(What to work on) The reply should hold only the lines below beginning at the one with "odulu Ropa de" and ending at the one with "Amarasha Women Printed", copied exactly, with every picture left out.

(Dataset extract)
*** Block opens ***
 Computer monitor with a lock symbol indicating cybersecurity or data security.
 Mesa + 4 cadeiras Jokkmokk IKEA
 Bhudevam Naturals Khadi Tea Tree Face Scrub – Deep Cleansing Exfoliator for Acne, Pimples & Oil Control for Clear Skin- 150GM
*** Block closes ***
*** Block opens ***
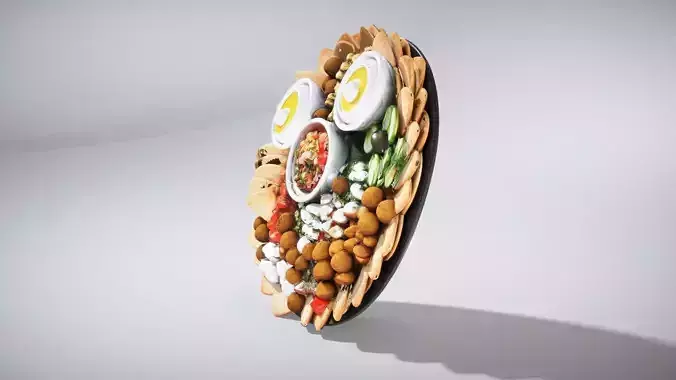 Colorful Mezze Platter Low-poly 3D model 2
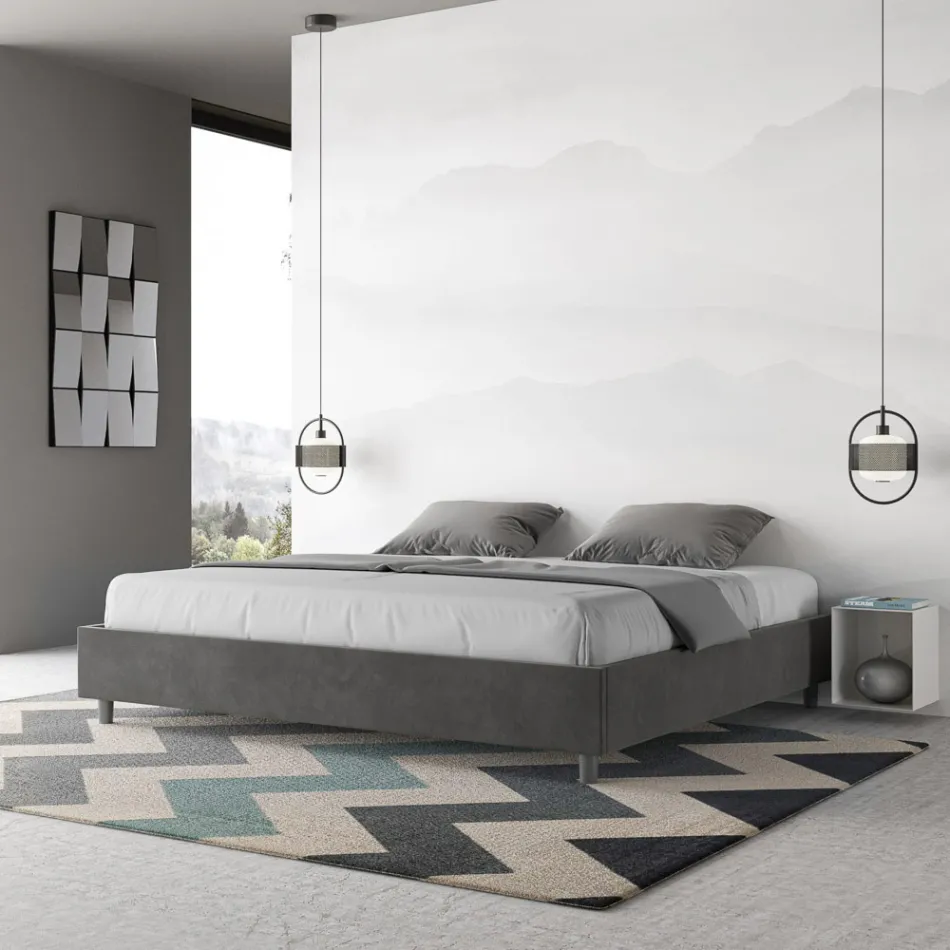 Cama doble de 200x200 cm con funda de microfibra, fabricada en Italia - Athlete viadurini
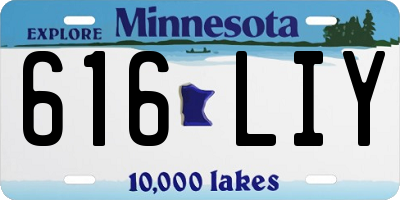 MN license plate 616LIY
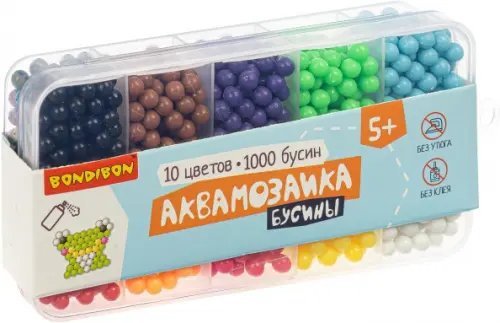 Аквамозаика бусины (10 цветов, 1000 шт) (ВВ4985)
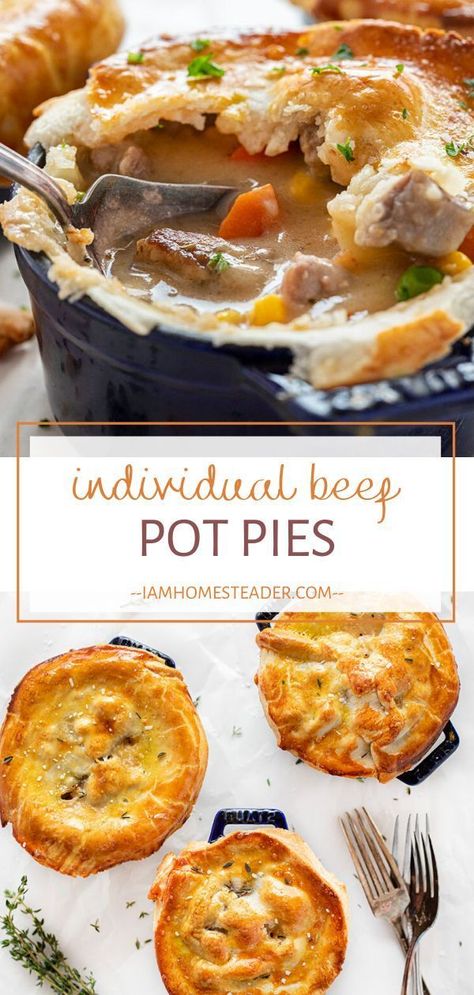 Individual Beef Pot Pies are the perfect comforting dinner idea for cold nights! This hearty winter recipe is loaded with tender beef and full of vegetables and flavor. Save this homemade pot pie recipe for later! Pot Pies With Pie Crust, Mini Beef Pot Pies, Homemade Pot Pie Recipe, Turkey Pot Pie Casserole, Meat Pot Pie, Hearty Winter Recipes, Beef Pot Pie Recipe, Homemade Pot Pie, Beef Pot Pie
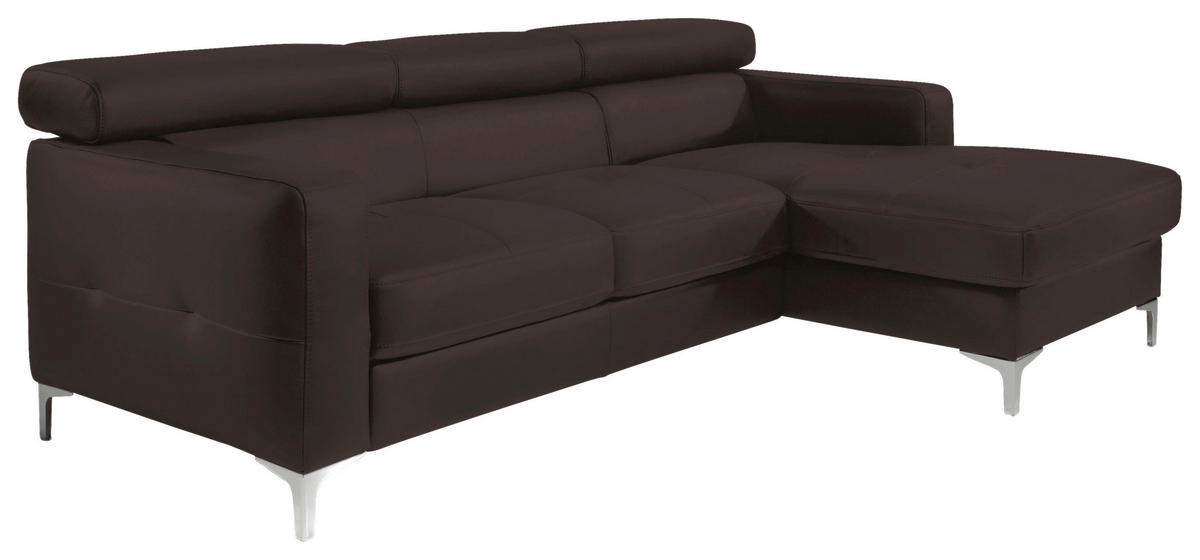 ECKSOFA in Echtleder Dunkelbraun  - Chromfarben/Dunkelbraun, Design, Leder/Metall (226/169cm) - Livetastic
*** Block closes ***
*** Block opens ***
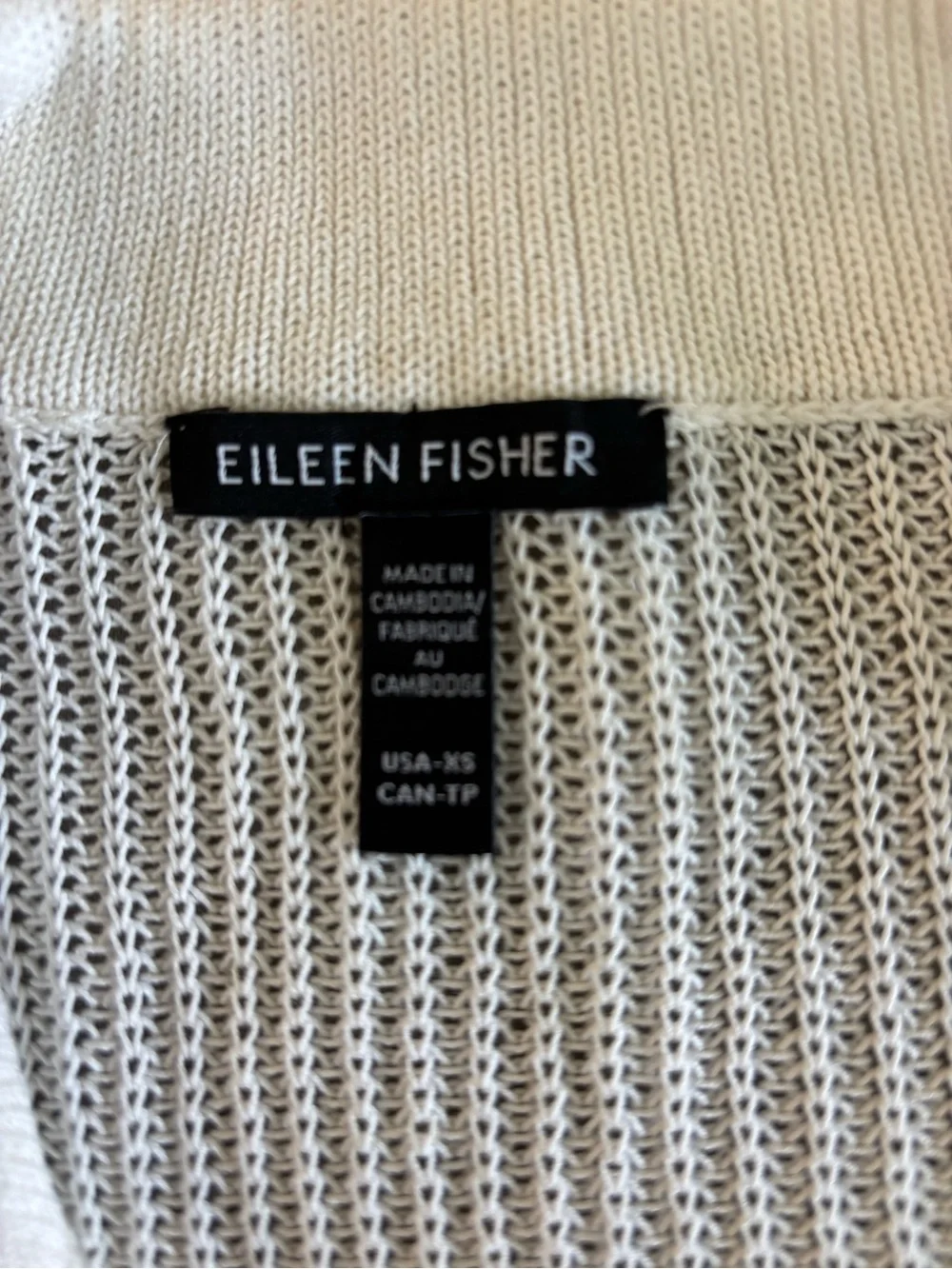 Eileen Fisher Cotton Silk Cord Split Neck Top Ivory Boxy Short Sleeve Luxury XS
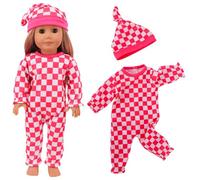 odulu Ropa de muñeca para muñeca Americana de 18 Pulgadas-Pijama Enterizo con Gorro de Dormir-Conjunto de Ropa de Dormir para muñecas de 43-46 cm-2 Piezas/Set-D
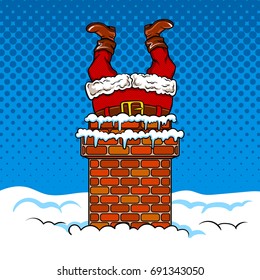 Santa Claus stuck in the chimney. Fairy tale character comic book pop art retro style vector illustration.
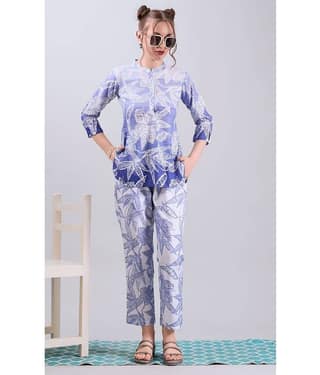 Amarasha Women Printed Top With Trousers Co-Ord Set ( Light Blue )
*** Block closes ***
(Exercise output)
 odulu Ropa de muñeca para muñeca Americana de 18 Pulgadas-Pijama Enterizo con Gorro de Dormir-Conjunto de Ropa de Dormir para muñecas de 43-46 cm-2 Piezas/Set-D
 Santa Claus stuck in the chimney. Fairy tale character comic book pop art retro style vector illustration.
 Amarasha Women Printed Top With Trousers Co-Ord Set ( Light Blue )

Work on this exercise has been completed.